Over the years, there have been several technical glitches on the bourses’ trading platforms, impacting regular trade operations. There have also been cases of technical problems at the brokers’ end, more so as the buying-selling-settlement processes on the exchanges have increasingly become tech-dependent.
Sebi also plans to evaluate the use of smart contracts in the securities market and frame necessary policies for the use of the same. “Smart contracts digitalise trust in a way that makes transactions robust, safe and enforceable anywhere. Smart contracts have the power to make the stock market faster and cheaper and streamline post-trade settlement,” the annual report noted.
The markets regulator is also expected to come out with a compliance code for index providers, the companies which construct and manage market indices like the sensex, Nifty and other such benchmarks. Derivatives contracts based on such indices, worth thousands of crores of rupees, are traded every day by investors.
Sebi also said it was studying the feasibility to introduce derivatives contracts on freights on commodities derivatives segments of the market. Further, to prevent the fragmentation of liquidity among various stock exchanges in the commodities segment and to develop and deepen the commodity derivatives markets, Sebi will explore a proposal to allow only unique sets of commodities to be traded at each exchange, the annual report noted.

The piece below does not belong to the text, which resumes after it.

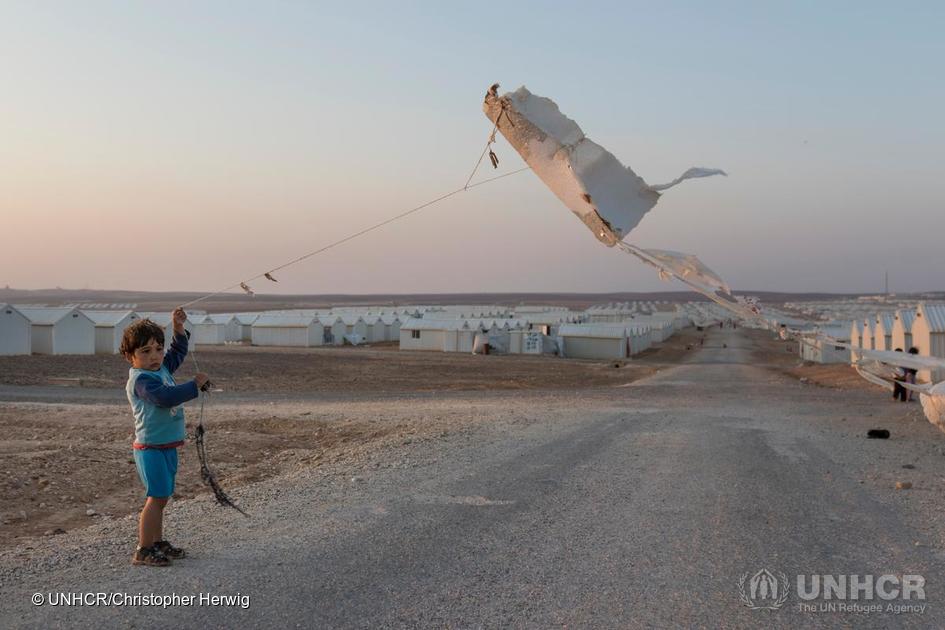 Jordan. Evening view over Azraq Camp. Young Syrian refugee boy flies a homemade kite made from a piece of insulation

Sebi is also considering a proposal to ascertain the optimum corpus for the investor protection fund of the stock exchanges “on the basis of rigorous stress-testing, so as to ensure that the legitimate claims of the clients of the defaulting members/brokers even in extreme times are met”. Sebi will also review the quantum of settlement guarantee fund (SGF) of the clearing corporations based on the stress test, so as to increase the resilience of the markets to possible risks posed by extreme volatility, it said in the annual report.